You are ignoring what I said.
>They can't add software to your device unless you let them. Unless you actually upgrade and confirm the upgrade with your device, there is no way to install software on it. I will give you 1 BTC right now if you can prove that the firmware can be tampered without the user's interaction.
That's the thing. Just the fact that it's on their fucking roadplan and they thought users would be okay with this, speaks a lot about the company. I would stay far away from them from now on if this is the way they are headed.
And again, closed source, they can sneak in any code they want to put your shit on the cloud. You thing a mega-corp just goes
>Oh no we had a bad plan! We learned from it!
>Fucking sheep, we'll let this blow over and then sneak it in later. We have plans. For now let's pay some shills to do some publicity coverups.
Trezor can't do this because the
>OPEN SOURCED CODE HAS A HASH SIGNATURE
Ledger is superior... with or without the 'Recovery Service'.
This panic is just that, panic. Low IQ people thinking they know something because they can repeat a couple of buzzwords. Pic related
As a programmer I can tell you 100% that open source code is better in almost every aspect. When it comes to security, the only reason for code to be closed source is because the security design can't stand on its on, the code is just too embarrassingly bad to expose, or they straight up copied someone else's code without permission and don't want to get sued. Most proprietary code is also almost entirely built on top of open source libraries too.
And it doesn't matter if your seed is exposed, you should be using a secure passphrase.
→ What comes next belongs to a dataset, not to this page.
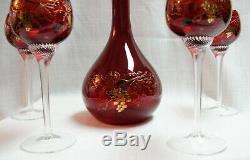 Vntg Bohemian MOSER Red Crystal Decanter Gold & 4 Wine Goblets Circa 1930's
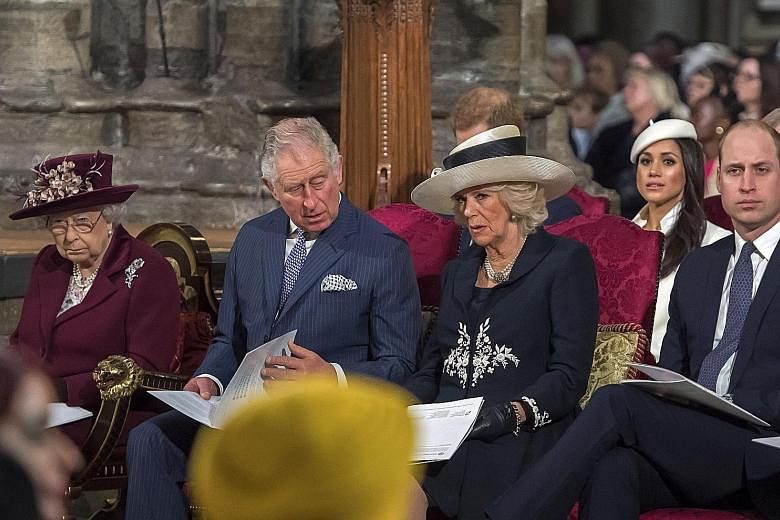 Britain's Prince Charles at Westminster Abbey last Monday with other members of the royal family including (from left) his mother, Queen Elizabeth II; his wife Camilla, the Duchess of Cornwall; and his son, Prince William. The new biography by Mr Tom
If you know your seed is exposed you should probably use a new seed but a decent multi word passphrase would take literally years to brute force.
Trezor is just a better design than ledger because it relies on actual math/crypto (seed + passphrase) rather than some dumb marketing gimmick like preventing physical extraction of the seed which is not needed, which comes at the huge cost of having to use some proprietary, closed source hardware/firmware.
oh that said, ledger is fine if you already have one, just don't update the firmware until they open source it which they say they are doing. all good then.